-- What you need to do --
An exact reproduction of the listing, minus the pictures, is the required output.

Start of Dataset entries

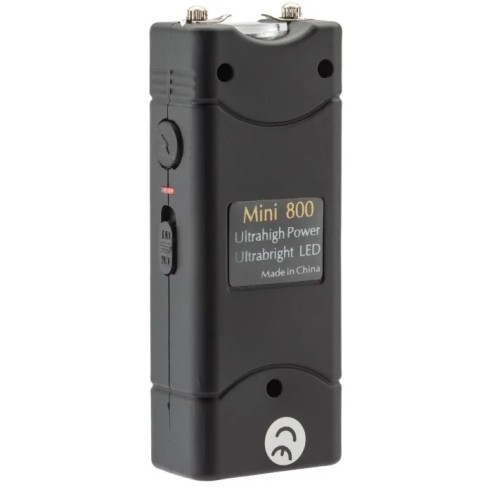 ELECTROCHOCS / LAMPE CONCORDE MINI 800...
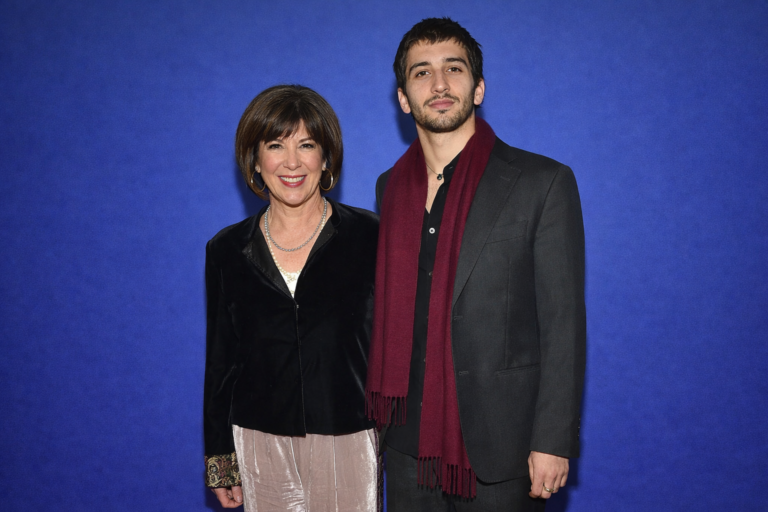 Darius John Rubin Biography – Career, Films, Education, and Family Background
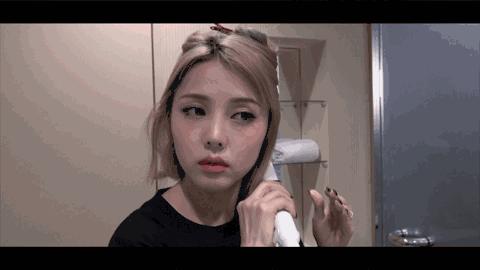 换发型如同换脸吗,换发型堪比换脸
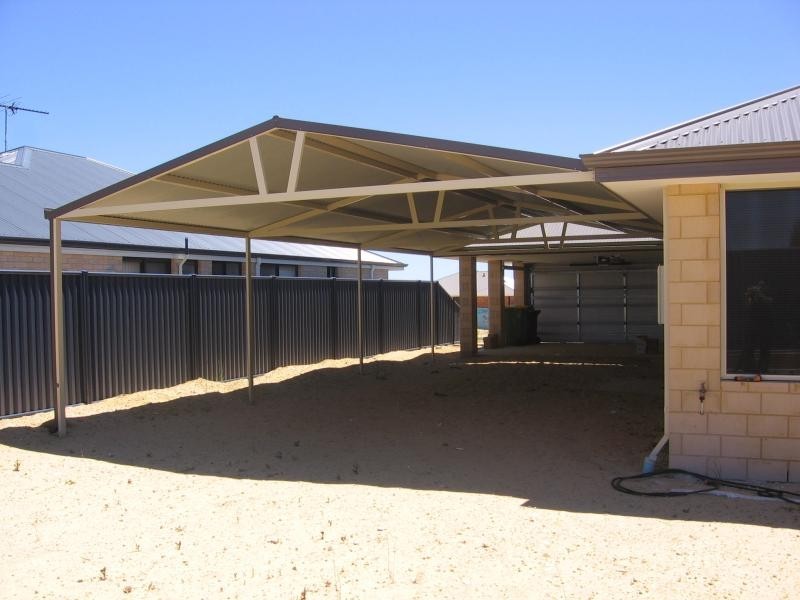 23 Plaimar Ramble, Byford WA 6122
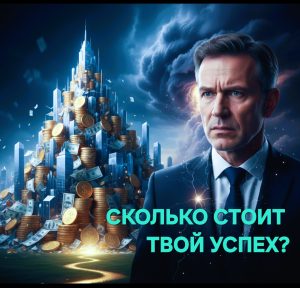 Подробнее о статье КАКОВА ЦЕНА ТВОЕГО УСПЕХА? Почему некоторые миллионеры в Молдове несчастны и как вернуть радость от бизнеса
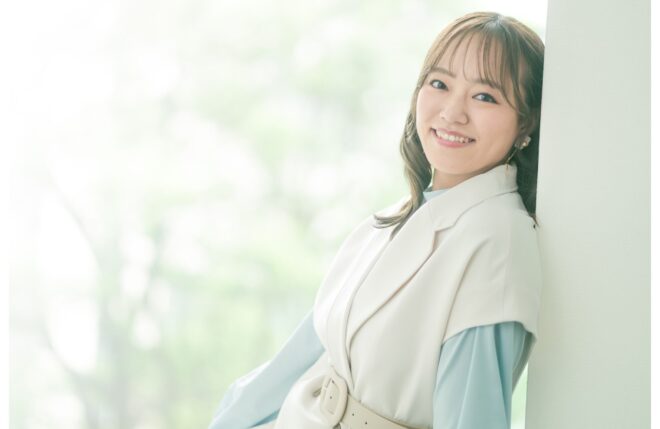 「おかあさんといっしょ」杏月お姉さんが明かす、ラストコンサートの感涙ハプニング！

End of Dataset entries

-- Result of this task --
 ELECTROCHOCS / LAMPE CONCORDE MINI 800...
 Darius John Rubin Biography – Career, Films, Education, and Family Background
 换发型如同换脸吗,换发型堪比换脸
 23 Plaimar Ramble, Byford WA 6122
 Подробнее о статье КАКОВА ЦЕНА ТВОЕГО УСПЕХА? Почему некоторые миллионеры в Молдове несчастны и как вернуть радость от бизнеса
 「おかあさんといっしょ」杏月お姉さんが明かす、ラストコンサートの感涙ハプニング！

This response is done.